SOURCE RECORDS:
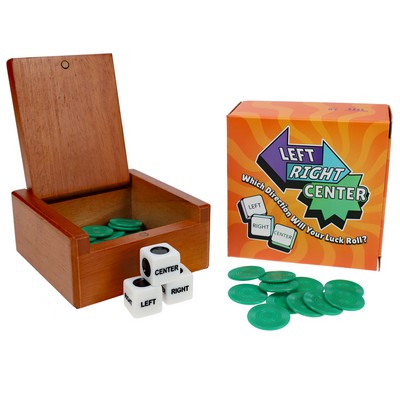 LRC dice Game in Wood Box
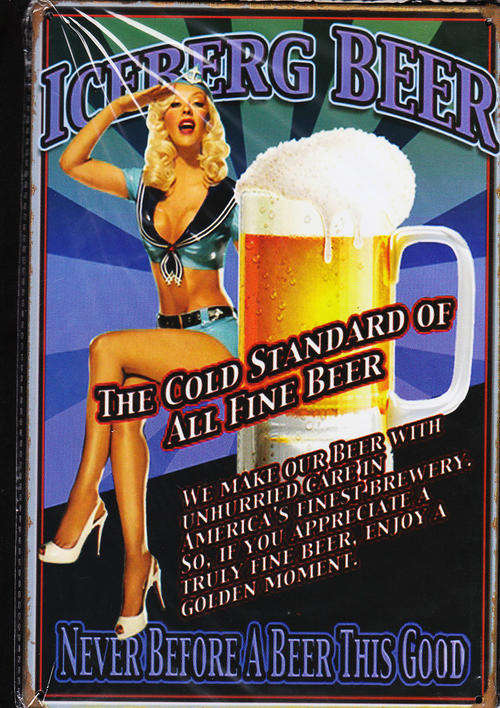 Awesome metal signs for your bar
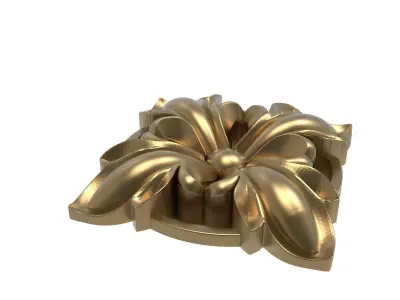 decorative pattern ready for 3D printing 3D model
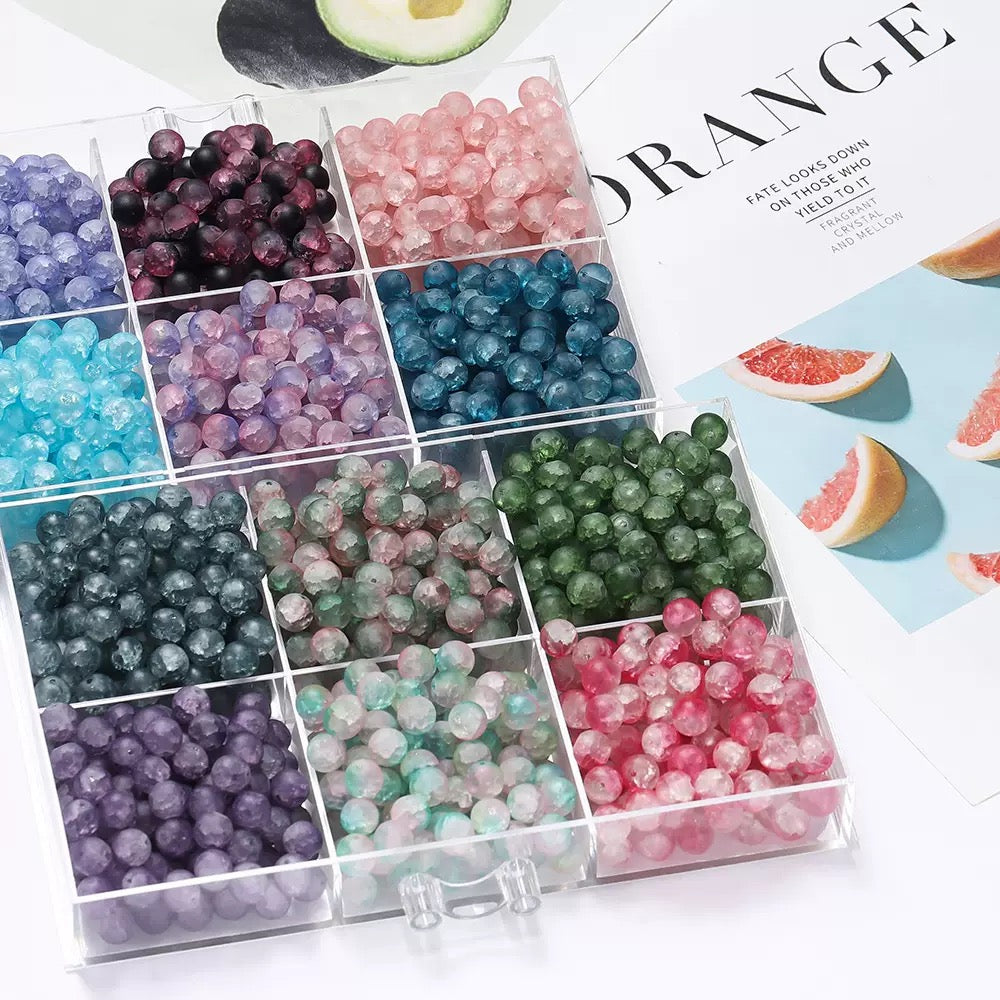 #WonderPacksStore DIY Glass Beads Bags--Open in Live--for Bracelet Jewelry Craft DIY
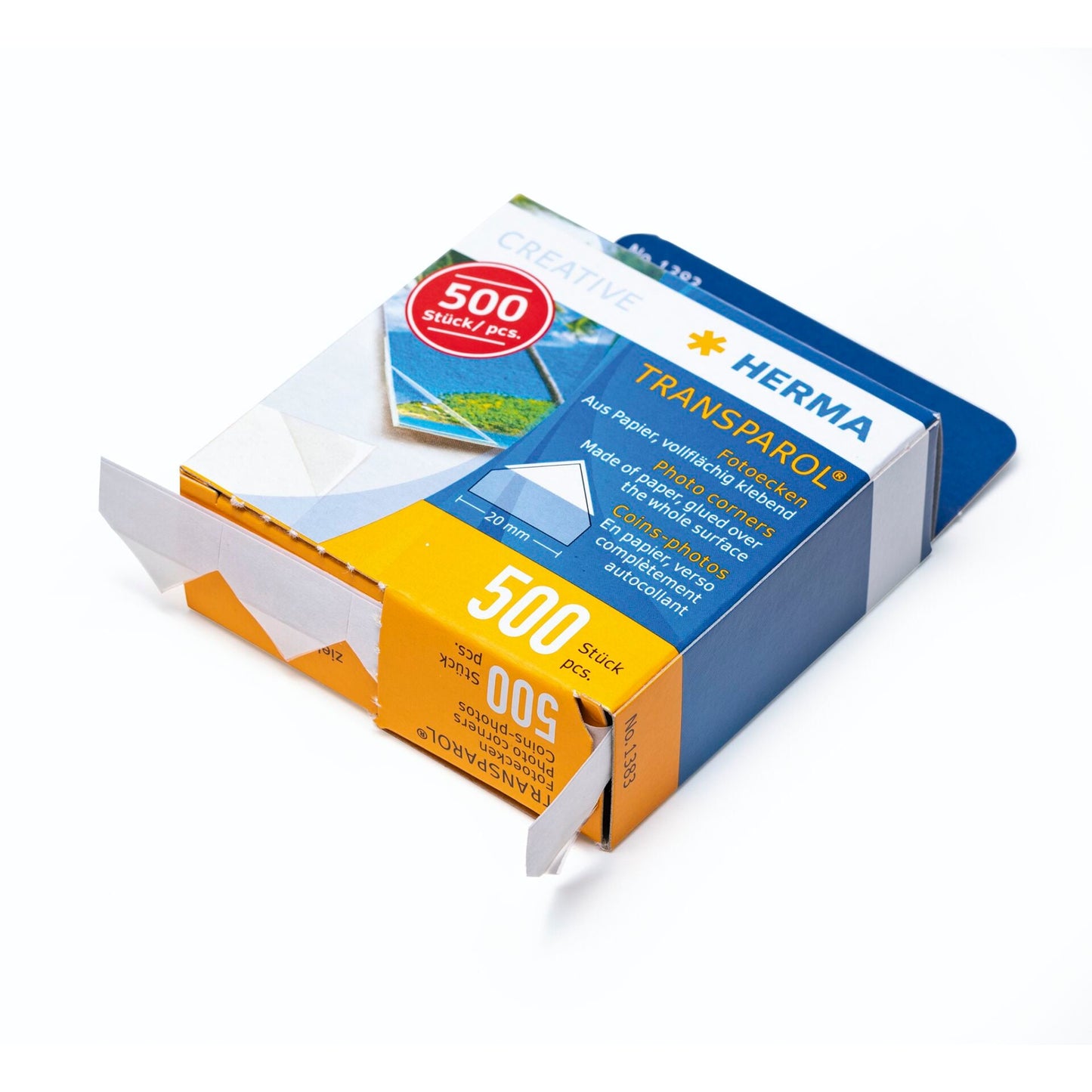 Cantos Protetores de Fotografia HERMA 1383 pack de 500 uni.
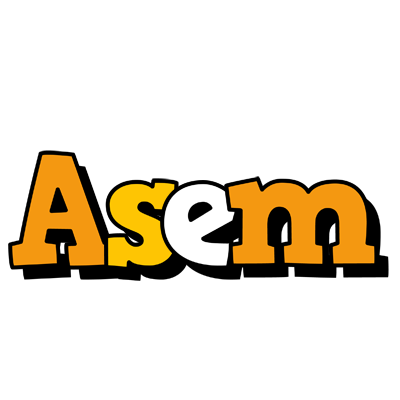 Asem cartoon logo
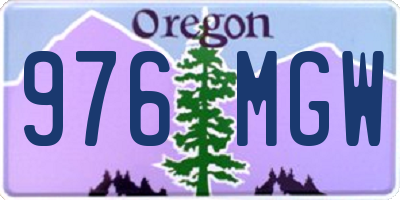 OR license plate 976MGW
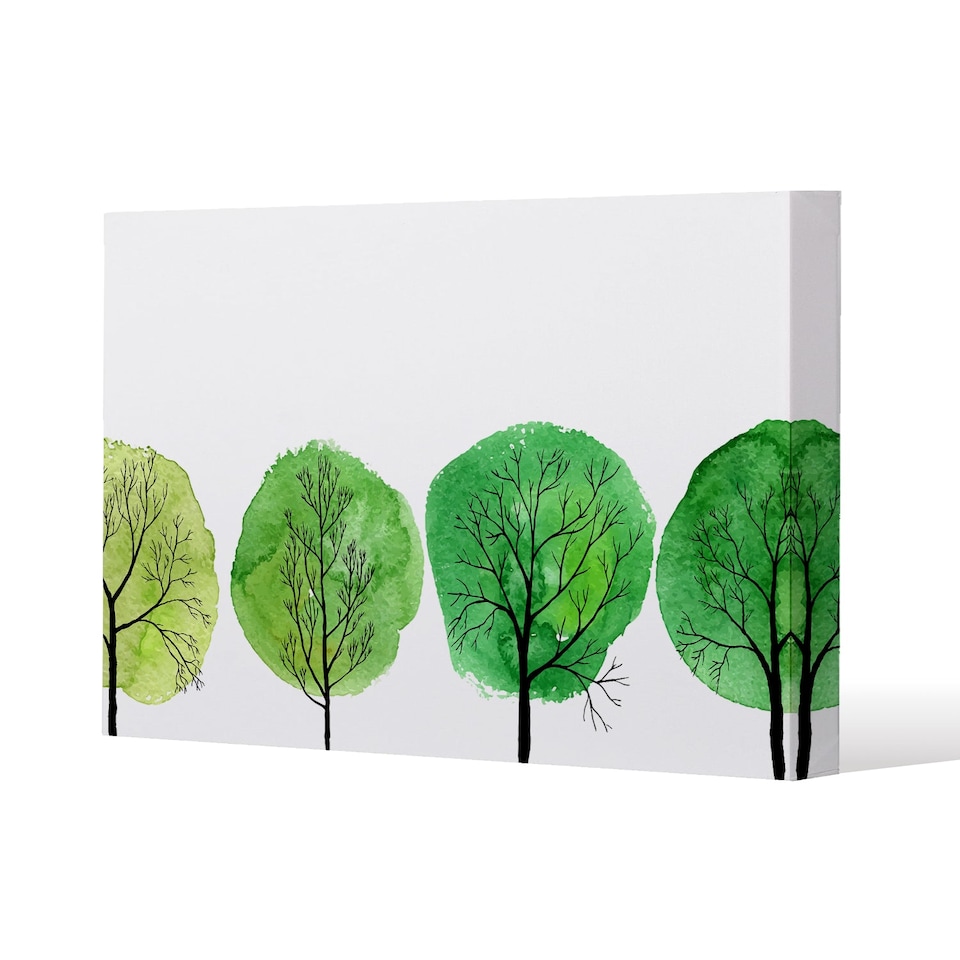 Trees (Canvas Print) / 61 x 41 x 4cm | Multi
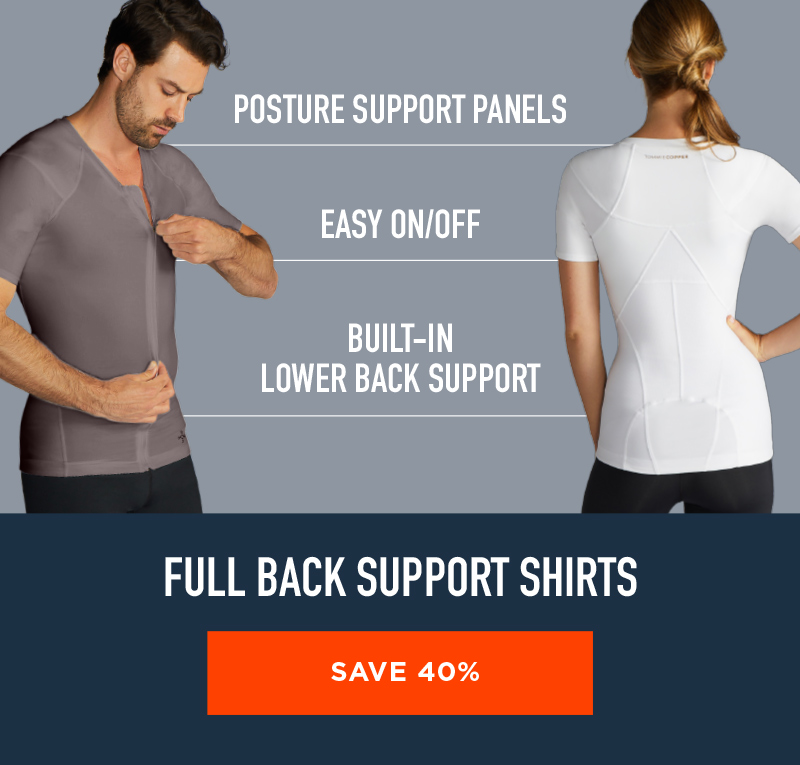 NEW COLORS AVAILABLE! FULL BACK SUPPORT SHIRTS SAVE 40%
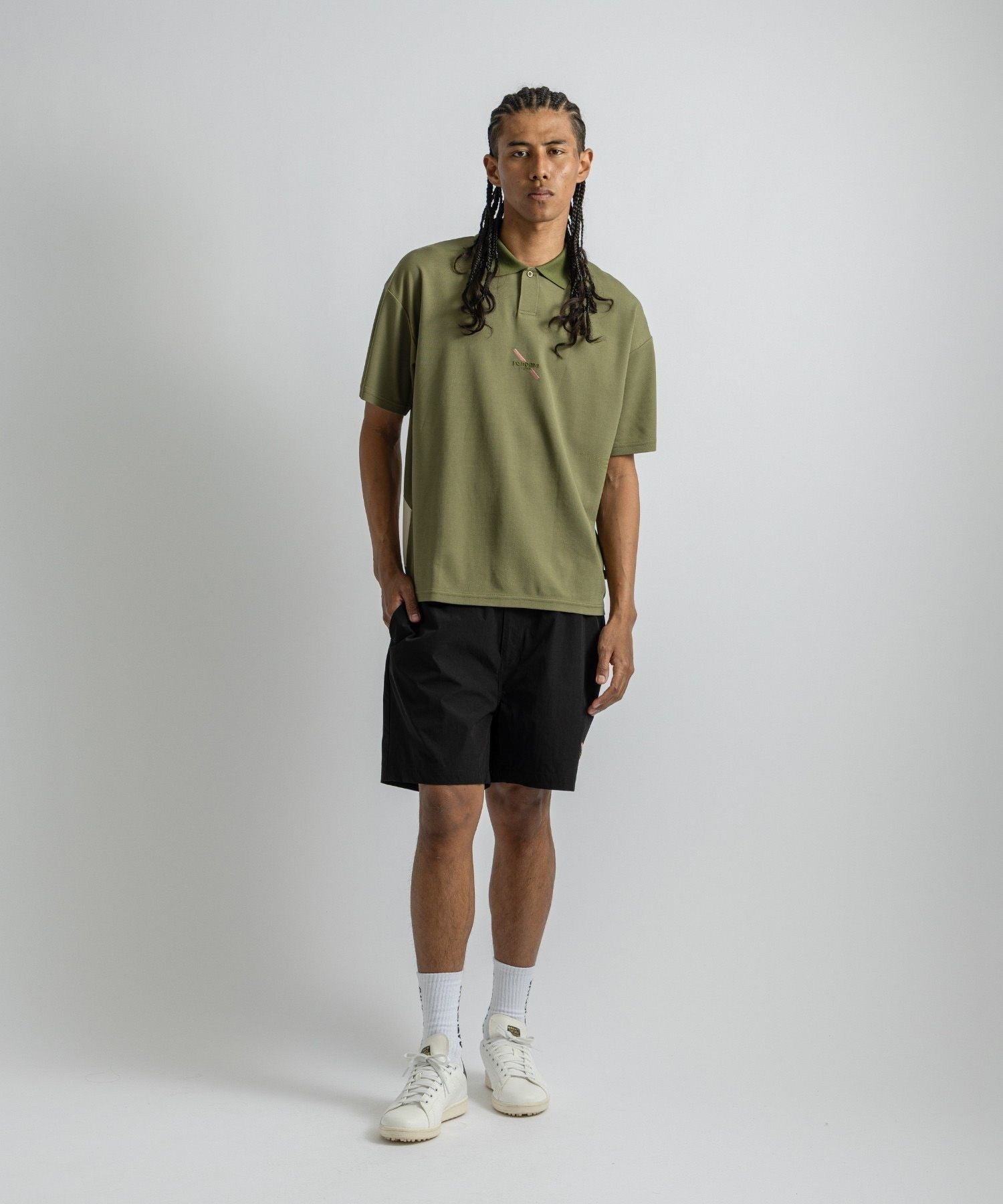 renoma GOLF x Saturdays NYC Back Print Polo SS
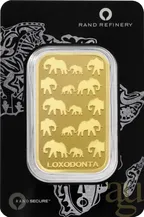 100 Gramm Goldbarren Rand Refinery - Elefant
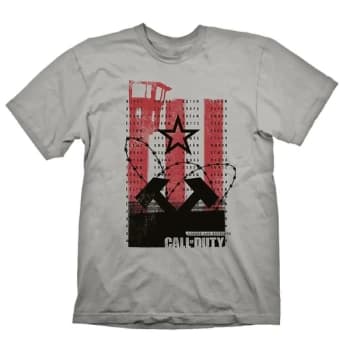 Call Of Duty: Cold War Wall Mens L T-Shirt - Light Grey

PROBLEM:
Restate the whole listing above exactly, please, omitting every image.

PROBLEM SOLUTION:
 LRC dice Game in Wood Box
 Awesome metal signs for your bar
 decorative pattern ready for 3D printing 3D model
 #WonderPacksStore DIY Glass Beads Bags--Open in Live--for Bracelet Jewelry Craft DIY
 Cantos Protetores de Fotografia HERMA 1383 pack de 500 uni.
 Asem cartoon logo
 OR license plate 976MGW
 Trees (Canvas Print) / 61 x 41 x 4cm | Multi
 NEW COLORS AVAILABLE! FULL BACK SUPPORT SHIRTS SAVE 40%
 renoma GOLF x Saturdays NYC Back Print Polo SS
 100 Gramm Goldbarren Rand Refinery - Elefant
 Call Of Duty: Cold War Wall Mens L T-Shirt - Light Grey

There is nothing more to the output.